Items from a dataset

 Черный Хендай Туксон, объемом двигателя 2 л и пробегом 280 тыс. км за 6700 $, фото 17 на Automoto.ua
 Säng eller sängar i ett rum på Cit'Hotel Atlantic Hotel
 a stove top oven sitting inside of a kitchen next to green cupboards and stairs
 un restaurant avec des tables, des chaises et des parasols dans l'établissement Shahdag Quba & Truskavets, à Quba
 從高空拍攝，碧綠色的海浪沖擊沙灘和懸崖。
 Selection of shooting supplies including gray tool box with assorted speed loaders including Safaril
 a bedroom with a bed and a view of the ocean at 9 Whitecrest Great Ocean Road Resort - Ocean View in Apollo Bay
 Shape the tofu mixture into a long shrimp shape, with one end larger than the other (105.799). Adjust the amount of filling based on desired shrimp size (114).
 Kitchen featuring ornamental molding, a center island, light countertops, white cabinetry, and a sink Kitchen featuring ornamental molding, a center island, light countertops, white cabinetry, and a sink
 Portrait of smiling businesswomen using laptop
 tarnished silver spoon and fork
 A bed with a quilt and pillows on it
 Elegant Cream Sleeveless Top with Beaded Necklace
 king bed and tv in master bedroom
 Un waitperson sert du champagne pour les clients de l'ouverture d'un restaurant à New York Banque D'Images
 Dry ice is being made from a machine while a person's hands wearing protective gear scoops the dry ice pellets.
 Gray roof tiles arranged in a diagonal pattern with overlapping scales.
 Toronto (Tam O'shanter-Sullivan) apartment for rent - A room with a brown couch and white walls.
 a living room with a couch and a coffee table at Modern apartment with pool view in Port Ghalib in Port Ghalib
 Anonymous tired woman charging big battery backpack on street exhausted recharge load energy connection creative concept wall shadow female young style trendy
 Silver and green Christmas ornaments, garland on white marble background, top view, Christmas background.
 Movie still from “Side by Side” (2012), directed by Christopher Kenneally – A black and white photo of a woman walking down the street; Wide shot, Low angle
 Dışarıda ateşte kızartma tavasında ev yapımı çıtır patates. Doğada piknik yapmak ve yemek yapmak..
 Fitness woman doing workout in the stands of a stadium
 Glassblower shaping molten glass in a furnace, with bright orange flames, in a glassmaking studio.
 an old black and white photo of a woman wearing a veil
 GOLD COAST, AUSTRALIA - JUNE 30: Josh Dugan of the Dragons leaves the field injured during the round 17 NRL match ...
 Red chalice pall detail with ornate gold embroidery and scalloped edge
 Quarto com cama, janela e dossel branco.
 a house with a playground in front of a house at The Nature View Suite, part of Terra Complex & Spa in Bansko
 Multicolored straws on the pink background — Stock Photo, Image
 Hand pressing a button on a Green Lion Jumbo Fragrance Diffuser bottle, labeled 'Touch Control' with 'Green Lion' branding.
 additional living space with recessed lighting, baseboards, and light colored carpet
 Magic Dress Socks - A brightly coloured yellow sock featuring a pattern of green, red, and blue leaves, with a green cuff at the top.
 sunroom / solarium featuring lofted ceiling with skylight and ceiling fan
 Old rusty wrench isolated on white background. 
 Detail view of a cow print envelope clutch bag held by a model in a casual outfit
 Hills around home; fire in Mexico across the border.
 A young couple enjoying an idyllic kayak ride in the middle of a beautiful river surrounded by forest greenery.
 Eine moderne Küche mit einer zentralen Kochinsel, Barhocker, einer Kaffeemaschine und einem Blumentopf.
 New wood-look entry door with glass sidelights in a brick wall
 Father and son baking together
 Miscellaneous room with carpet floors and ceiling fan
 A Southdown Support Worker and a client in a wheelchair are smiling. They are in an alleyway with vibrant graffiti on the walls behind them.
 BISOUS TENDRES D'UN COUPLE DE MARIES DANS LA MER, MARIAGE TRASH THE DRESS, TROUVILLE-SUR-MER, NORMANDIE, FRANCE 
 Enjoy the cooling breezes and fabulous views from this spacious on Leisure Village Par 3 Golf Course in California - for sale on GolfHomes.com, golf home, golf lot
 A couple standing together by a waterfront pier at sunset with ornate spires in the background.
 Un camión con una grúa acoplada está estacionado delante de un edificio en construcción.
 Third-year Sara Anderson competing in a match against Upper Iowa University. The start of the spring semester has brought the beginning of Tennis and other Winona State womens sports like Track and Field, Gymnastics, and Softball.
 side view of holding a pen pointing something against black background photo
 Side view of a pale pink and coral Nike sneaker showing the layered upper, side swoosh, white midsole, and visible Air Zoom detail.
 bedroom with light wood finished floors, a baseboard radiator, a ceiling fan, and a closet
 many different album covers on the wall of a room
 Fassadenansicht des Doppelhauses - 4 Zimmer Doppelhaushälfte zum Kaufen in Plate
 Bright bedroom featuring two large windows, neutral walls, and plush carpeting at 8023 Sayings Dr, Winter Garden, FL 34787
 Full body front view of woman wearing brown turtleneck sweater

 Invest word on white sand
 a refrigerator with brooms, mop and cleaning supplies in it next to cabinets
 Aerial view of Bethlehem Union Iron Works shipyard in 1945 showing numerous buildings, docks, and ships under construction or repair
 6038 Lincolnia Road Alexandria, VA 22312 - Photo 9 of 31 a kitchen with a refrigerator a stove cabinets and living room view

■ WORK REQUIRED ■
Set down only the lines above that fall between the line holding "從高空拍攝，碧綠色的海浪沖擊沙灘和懸崖。" and the line holding "Un waitperson sert", inclusive, keeping each exact.

■ RESULT OF THE EXERCISE ■
 從高空拍攝，碧綠色的海浪沖擊沙灘和懸崖。
 Selection of shooting supplies including gray tool box with assorted speed loaders including Safaril
 a bedroom with a bed and a view of the ocean at 9 Whitecrest Great Ocean Road Resort - Ocean View in Apollo Bay
 Shape the tofu mixture into a long shrimp shape, with one end larger than the other (105.799). Adjust the amount of filling based on desired shrimp size (114).
 Kitchen featuring ornamental molding, a center island, light countertops, white cabinetry, and a sink Kitchen featuring ornamental molding, a center island, light countertops, white cabinetry, and a sink
 Portrait of smiling businesswomen using laptop
 tarnished silver spoon and fork
 A bed with a quilt and pillows on it
 Elegant Cream Sleeveless Top with Beaded Necklace
 king bed and tv in master bedroom
 Un waitperson sert du champagne pour les clients de l'ouverture d'un restaurant à New York Banque D'Images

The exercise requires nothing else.